* _SOURCE DATA_
************
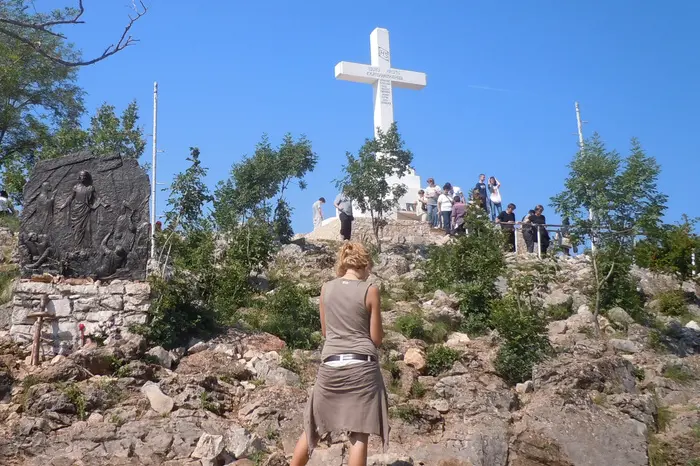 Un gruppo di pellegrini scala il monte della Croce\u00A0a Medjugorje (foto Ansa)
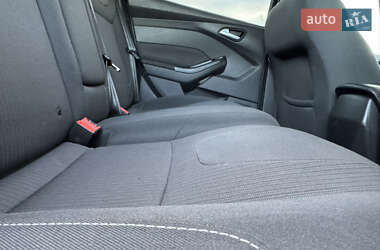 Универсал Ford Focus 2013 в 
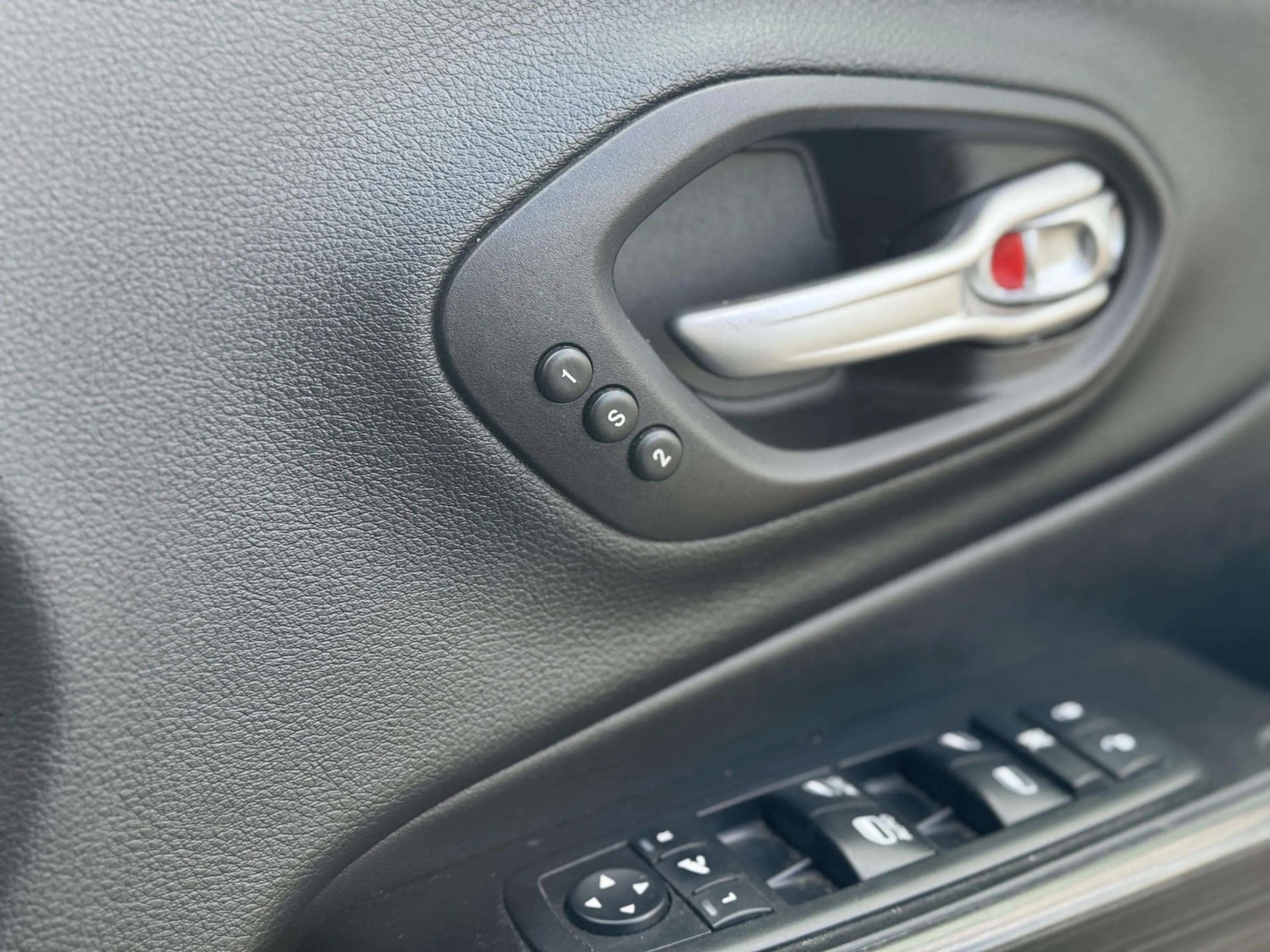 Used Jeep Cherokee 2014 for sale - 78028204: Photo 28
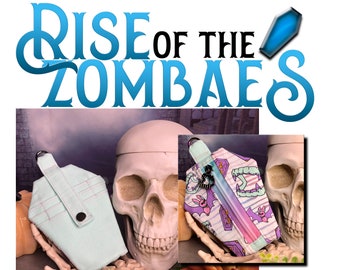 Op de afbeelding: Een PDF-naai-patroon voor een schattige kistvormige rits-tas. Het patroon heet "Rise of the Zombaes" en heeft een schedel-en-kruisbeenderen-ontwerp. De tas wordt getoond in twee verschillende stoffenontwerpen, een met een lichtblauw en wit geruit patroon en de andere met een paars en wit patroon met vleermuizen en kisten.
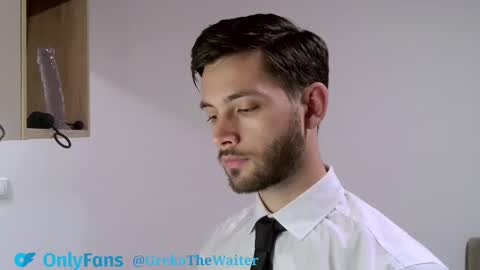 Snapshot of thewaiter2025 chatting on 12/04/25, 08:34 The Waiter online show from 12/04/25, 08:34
************
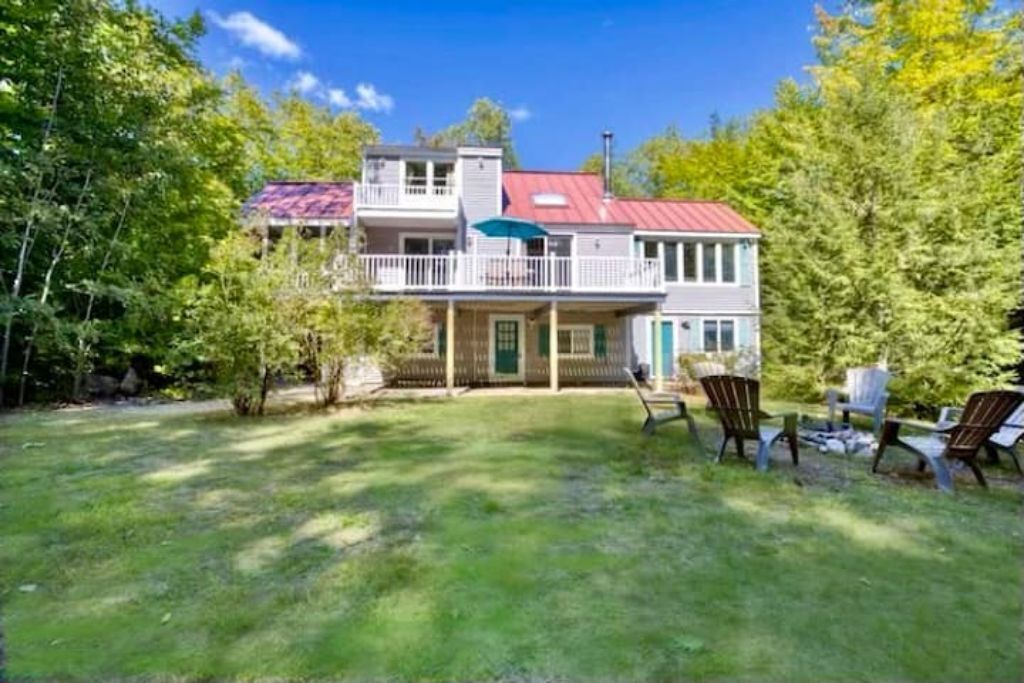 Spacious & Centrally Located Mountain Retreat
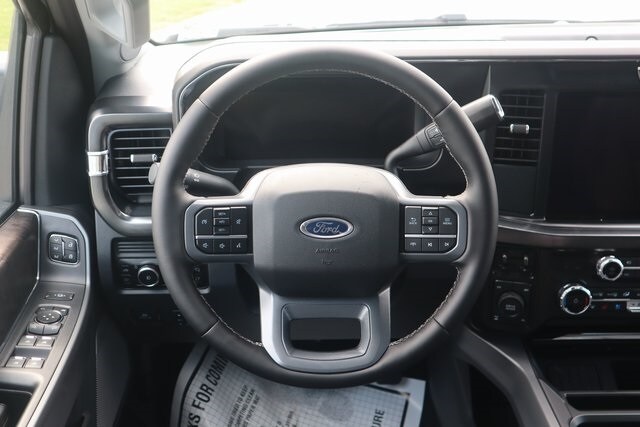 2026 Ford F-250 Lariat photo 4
************
* _WHAT YOU SHOULD DO_
Looking above, find the stretch of lines that opens with the one holding "Op de afbeelding: Een" and closes with the one holding "Snapshot of thewaiter2025". Copy it exactly, pictures excluded.

* _EXPECTED ANSWER_
 Op de afbeelding: Een PDF-naai-patroon voor een schattige kistvormige rits-tas. Het patroon heet "Rise of the Zombaes" en heeft een schedel-en-kruisbeenderen-ontwerp. De tas wordt getoond in twee verschillende stoffenontwerpen, een met een lichtblauw en wit geruit patroon en de andere met een paars en wit patroon met vleermuizen en kisten.
 Snapshot of thewaiter2025 chatting on 12/04/25, 08:34 The Waiter online show from 12/04/25, 08:34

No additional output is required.